- _TASK_
Only the lines below starting at the one containing "Scambio di ostaggi: detenuti" and ending at the one containing "Used 2019 Cadillac" belong in the answer, each copied exactly.

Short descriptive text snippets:
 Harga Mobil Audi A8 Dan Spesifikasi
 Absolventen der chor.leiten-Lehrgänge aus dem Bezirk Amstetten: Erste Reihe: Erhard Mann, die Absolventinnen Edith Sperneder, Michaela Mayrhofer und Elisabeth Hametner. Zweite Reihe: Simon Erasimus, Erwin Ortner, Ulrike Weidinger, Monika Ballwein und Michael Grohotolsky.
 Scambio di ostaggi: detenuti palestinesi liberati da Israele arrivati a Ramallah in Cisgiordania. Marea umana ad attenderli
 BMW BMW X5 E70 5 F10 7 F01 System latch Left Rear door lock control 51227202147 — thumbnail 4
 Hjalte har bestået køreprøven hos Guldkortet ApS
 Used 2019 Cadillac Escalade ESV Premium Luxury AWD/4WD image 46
...
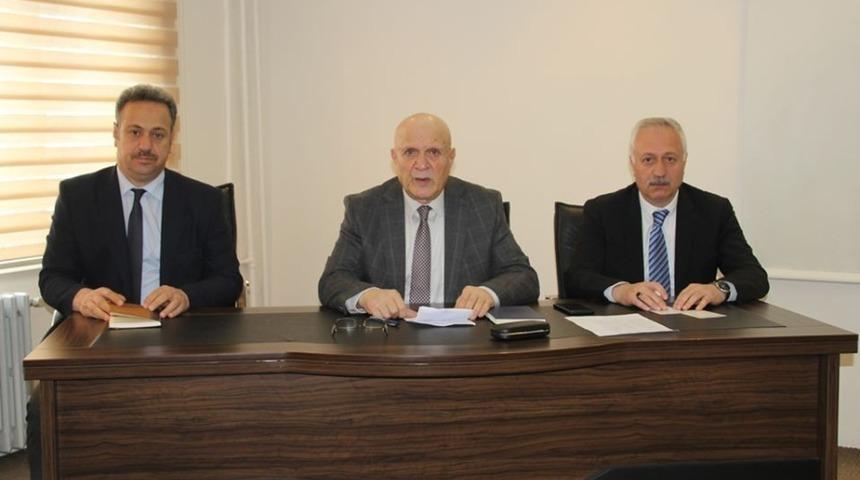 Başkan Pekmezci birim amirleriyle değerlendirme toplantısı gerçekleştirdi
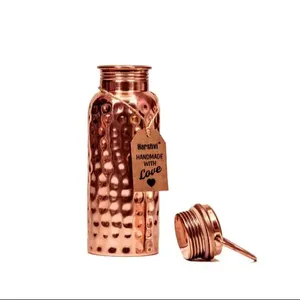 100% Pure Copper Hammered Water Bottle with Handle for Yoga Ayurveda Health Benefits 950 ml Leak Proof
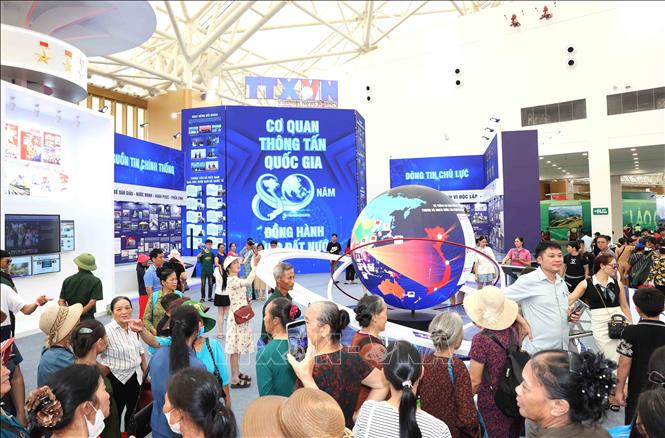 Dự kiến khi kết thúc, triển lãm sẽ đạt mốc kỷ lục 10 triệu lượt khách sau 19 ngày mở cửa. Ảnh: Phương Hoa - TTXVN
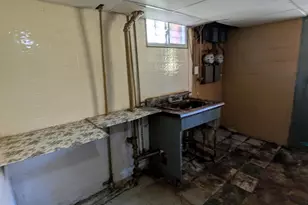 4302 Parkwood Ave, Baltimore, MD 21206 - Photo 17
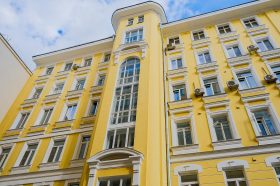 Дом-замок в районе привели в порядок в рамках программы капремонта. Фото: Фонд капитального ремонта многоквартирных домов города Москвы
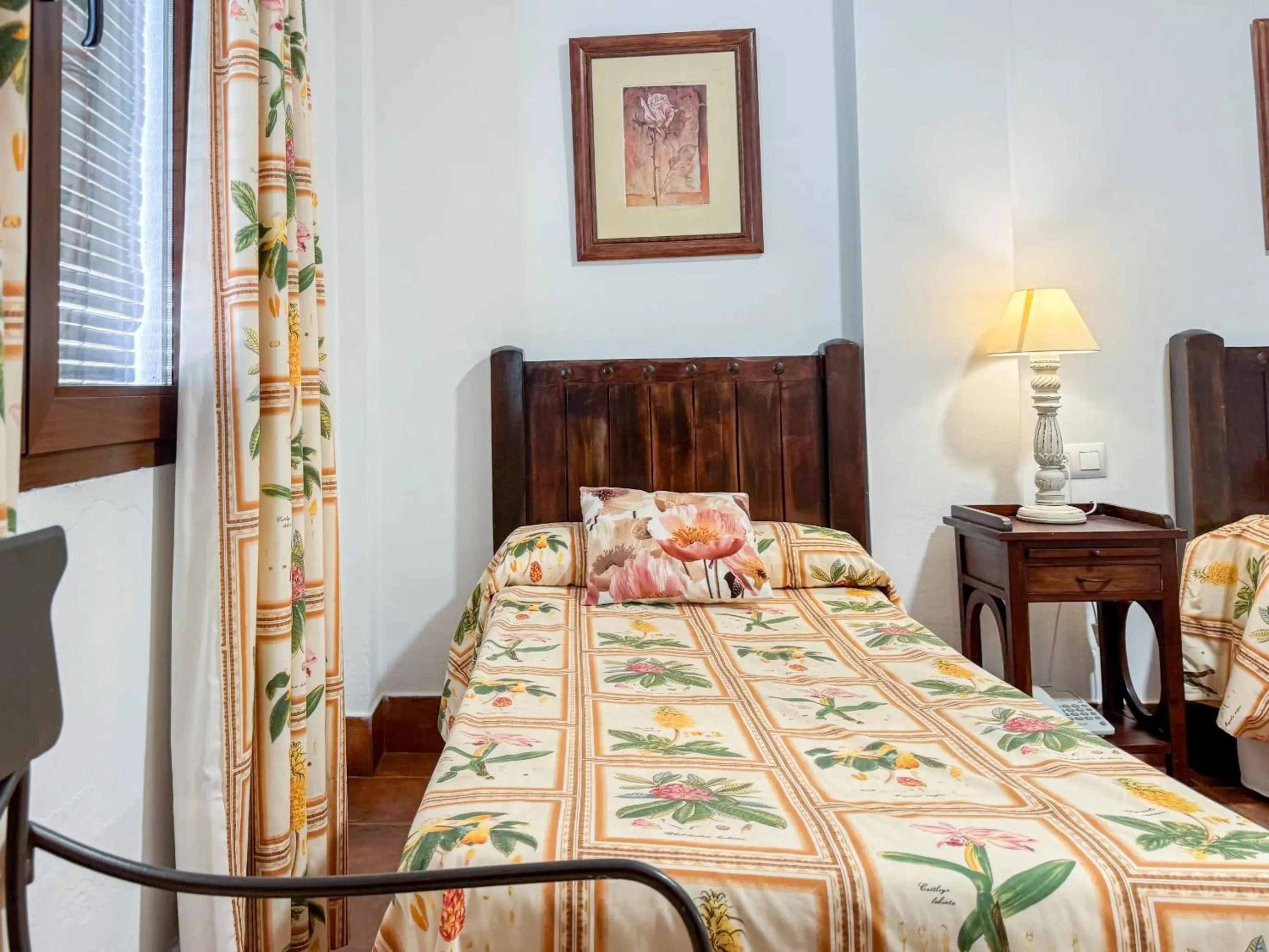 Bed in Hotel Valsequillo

- _SOLUTION_
 Scambio di ostaggi: detenuti palestinesi liberati da Israele arrivati a Ramallah in Cisgiordania. Marea umana ad attenderli
 BMW BMW X5 E70 5 F10 7 F01 System latch Left Rear door lock control 51227202147 — thumbnail 4
 Hjalte har bestået køreprøven hos Guldkortet ApS
 Used 2019 Cadillac Escalade ESV Premium Luxury AWD/4WD image 46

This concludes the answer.